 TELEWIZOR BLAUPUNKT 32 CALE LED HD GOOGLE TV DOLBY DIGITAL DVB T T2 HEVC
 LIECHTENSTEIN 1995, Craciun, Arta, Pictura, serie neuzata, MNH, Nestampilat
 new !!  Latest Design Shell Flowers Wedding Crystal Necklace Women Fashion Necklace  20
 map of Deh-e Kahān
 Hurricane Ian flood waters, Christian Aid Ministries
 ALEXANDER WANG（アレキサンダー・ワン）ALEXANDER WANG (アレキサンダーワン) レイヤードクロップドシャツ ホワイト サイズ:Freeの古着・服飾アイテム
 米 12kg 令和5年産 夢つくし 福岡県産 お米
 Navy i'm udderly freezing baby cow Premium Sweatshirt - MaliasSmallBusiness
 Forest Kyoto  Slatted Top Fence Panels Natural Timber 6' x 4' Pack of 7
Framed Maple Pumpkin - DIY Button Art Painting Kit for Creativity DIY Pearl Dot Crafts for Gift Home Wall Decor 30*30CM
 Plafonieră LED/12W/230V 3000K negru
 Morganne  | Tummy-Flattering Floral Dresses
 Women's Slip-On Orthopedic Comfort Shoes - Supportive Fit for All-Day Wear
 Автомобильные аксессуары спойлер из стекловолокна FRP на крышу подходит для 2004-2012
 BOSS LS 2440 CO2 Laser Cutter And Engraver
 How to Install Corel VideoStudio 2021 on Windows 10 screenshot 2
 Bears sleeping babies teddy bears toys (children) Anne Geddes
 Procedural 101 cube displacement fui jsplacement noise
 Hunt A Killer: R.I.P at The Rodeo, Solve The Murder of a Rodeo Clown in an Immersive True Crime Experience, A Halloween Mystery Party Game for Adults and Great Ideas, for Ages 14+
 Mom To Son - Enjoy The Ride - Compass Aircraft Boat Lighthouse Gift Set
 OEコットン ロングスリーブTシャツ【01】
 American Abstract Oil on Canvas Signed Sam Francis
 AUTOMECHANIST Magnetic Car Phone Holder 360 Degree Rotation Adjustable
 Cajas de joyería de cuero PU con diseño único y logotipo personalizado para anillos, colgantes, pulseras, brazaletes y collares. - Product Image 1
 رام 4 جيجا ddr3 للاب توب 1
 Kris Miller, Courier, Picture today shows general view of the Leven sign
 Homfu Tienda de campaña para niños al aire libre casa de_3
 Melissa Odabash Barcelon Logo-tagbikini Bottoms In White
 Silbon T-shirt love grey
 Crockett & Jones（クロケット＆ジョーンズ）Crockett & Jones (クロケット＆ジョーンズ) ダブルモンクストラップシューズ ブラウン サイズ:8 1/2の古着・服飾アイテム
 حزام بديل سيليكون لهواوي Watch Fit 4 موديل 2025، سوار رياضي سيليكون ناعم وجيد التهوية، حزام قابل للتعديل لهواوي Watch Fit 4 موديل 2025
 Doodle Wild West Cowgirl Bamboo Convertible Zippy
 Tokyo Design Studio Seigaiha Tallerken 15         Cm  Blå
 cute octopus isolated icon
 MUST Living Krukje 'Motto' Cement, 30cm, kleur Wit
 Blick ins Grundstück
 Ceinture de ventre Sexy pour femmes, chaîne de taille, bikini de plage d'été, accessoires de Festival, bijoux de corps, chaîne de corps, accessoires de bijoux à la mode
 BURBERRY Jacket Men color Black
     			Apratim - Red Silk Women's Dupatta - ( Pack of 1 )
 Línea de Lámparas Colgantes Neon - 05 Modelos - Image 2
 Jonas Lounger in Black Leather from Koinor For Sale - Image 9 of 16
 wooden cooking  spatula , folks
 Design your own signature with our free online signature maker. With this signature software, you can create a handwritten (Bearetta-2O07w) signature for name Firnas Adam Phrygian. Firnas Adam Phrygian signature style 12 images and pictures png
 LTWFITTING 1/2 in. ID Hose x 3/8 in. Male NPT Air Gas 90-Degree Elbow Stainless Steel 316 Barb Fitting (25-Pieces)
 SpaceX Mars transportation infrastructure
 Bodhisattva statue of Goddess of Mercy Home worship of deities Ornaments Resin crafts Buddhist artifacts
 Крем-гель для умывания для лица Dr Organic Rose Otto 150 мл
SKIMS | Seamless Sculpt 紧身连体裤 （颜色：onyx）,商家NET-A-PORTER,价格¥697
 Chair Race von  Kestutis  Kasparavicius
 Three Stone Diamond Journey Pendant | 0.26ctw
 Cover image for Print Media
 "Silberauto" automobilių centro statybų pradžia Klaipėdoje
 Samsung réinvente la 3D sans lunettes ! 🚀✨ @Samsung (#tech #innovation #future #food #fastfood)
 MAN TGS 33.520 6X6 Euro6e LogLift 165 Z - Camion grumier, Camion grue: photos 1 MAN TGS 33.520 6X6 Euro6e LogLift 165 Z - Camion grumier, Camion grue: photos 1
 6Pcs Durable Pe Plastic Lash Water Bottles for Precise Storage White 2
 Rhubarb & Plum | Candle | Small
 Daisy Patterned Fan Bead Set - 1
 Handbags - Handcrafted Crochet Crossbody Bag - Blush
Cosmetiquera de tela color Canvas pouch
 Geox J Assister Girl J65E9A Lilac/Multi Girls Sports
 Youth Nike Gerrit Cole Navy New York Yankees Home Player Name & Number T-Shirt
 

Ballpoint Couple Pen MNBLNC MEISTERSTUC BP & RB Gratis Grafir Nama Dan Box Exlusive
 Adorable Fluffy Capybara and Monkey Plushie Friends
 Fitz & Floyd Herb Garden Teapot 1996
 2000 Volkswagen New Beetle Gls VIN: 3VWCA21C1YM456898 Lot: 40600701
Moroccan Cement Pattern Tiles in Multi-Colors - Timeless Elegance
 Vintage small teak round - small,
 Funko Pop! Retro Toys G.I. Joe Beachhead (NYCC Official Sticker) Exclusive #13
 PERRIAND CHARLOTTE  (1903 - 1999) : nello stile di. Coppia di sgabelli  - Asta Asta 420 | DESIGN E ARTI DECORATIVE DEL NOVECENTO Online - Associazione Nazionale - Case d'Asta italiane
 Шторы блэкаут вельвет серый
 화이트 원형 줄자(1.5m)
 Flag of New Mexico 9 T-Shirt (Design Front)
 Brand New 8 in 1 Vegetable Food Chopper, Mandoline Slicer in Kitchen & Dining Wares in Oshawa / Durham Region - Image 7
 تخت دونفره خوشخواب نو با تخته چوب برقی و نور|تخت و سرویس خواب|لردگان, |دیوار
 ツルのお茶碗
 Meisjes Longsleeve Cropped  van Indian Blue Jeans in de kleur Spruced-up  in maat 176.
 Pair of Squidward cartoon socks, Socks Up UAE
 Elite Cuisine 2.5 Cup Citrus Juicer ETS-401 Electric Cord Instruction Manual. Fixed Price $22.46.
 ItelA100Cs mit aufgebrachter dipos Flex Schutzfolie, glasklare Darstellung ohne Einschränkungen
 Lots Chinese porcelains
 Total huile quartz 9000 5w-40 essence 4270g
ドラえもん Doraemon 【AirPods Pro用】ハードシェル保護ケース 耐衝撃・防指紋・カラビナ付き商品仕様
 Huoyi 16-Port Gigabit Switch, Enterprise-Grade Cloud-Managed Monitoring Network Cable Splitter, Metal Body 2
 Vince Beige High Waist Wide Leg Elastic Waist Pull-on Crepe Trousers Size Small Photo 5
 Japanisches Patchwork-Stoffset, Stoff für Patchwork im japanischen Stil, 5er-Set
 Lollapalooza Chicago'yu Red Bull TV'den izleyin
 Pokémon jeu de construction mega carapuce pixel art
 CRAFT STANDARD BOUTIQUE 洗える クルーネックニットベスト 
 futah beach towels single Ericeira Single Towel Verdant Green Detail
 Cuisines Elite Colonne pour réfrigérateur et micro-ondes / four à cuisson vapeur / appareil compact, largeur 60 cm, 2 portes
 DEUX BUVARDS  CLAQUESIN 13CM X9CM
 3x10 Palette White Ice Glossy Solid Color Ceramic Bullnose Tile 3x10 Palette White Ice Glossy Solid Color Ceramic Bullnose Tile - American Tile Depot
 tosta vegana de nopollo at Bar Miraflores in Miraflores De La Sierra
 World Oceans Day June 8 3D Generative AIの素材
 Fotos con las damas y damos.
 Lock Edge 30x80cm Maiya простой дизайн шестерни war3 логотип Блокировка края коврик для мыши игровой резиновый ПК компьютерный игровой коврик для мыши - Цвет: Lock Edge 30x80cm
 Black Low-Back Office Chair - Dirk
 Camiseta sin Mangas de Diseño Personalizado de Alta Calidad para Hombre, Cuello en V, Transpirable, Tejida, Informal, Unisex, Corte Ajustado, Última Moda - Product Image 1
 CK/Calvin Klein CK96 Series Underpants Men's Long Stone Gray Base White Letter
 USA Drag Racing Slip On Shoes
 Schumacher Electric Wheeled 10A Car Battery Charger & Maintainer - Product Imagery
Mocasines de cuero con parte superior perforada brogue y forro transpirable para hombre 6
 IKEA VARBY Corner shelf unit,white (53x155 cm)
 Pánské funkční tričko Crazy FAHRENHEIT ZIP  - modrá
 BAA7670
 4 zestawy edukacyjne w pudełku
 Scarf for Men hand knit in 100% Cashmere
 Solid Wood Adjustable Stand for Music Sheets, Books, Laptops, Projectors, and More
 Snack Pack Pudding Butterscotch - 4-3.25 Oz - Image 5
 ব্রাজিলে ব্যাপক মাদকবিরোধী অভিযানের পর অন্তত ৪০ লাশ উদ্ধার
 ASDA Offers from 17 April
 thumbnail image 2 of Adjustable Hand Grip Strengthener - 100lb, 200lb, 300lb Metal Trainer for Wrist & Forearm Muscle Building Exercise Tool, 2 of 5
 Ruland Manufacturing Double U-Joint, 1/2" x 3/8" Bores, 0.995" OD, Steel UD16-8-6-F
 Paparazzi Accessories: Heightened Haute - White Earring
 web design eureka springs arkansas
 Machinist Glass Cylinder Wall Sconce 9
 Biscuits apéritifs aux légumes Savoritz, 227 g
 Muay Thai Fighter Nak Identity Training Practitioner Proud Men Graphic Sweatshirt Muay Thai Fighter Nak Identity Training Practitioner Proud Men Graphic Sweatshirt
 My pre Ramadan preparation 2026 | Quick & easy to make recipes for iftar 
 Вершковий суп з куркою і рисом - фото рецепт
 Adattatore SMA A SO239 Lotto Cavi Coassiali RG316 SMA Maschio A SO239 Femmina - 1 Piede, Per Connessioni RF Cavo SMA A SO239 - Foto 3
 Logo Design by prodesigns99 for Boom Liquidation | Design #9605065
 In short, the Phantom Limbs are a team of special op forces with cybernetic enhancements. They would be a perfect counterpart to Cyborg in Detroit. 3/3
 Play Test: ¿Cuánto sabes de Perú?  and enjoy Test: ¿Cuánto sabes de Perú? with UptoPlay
---
## ACTION ITEM:
Your answer must be the lines above from the one containing "Samsung réinvente la" to the one containing "Elite Cuisine 2.5", both included, restated word for word.

## RESULT BELOW:
 Samsung réinvente la 3D sans lunettes ! 🚀✨ @Samsung (#tech #innovation #future #food #fastfood)
 MAN TGS 33.520 6X6 Euro6e LogLift 165 Z - Camion grumier, Camion grue: photos 1 MAN TGS 33.520 6X6 Euro6e LogLift 165 Z - Camion grumier, Camion grue: photos 1
 6Pcs Durable Pe Plastic Lash Water Bottles for Precise Storage White 2
 Rhubarb & Plum | Candle | Small
 Daisy Patterned Fan Bead Set - 1
 Handbags - Handcrafted Crochet Crossbody Bag - Blush
Cosmetiquera de tela color Canvas pouch
 Geox J Assister Girl J65E9A Lilac/Multi Girls Sports
 Youth Nike Gerrit Cole Navy New York Yankees Home Player Name & Number T-Shirt
 

Ballpoint Couple Pen MNBLNC MEISTERSTUC BP & RB Gratis Grafir Nama Dan Box Exlusive
 Adorable Fluffy Capybara and Monkey Plushie Friends
 Fitz & Floyd Herb Garden Teapot 1996
 2000 Volkswagen New Beetle Gls VIN: 3VWCA21C1YM456898 Lot: 40600701
Moroccan Cement Pattern Tiles in Multi-Colors - Timeless Elegance
 Vintage small teak round - small,
 Funko Pop! Retro Toys G.I. Joe Beachhead (NYCC Official Sticker) Exclusive #13
 PERRIAND CHARLOTTE  (1903 - 1999) : nello stile di. Coppia di sgabelli  - Asta Asta 420 | DESIGN E ARTI DECORATIVE DEL NOVECENTO Online - Associazione Nazionale - Case d'Asta italiane
 Шторы блэкаут вельвет серый
 화이트 원형 줄자(1.5m)
 Flag of New Mexico 9 T-Shirt (Design Front)
 Brand New 8 in 1 Vegetable Food Chopper, Mandoline Slicer in Kitchen & Dining Wares in Oshawa / Durham Region - Image 7
 تخت دونفره خوشخواب نو با تخته چوب برقی و نور|تخت و سرویس خواب|لردگان, |دیوار
 ツルのお茶碗
 Meisjes Longsleeve Cropped  van Indian Blue Jeans in de kleur Spruced-up  in maat 176.
 Pair of Squidward cartoon socks, Socks Up UAE
 Elite Cuisine 2.5 Cup Citrus Juicer ETS-401 Electric Cord Instruction Manual. Fixed Price $22.46.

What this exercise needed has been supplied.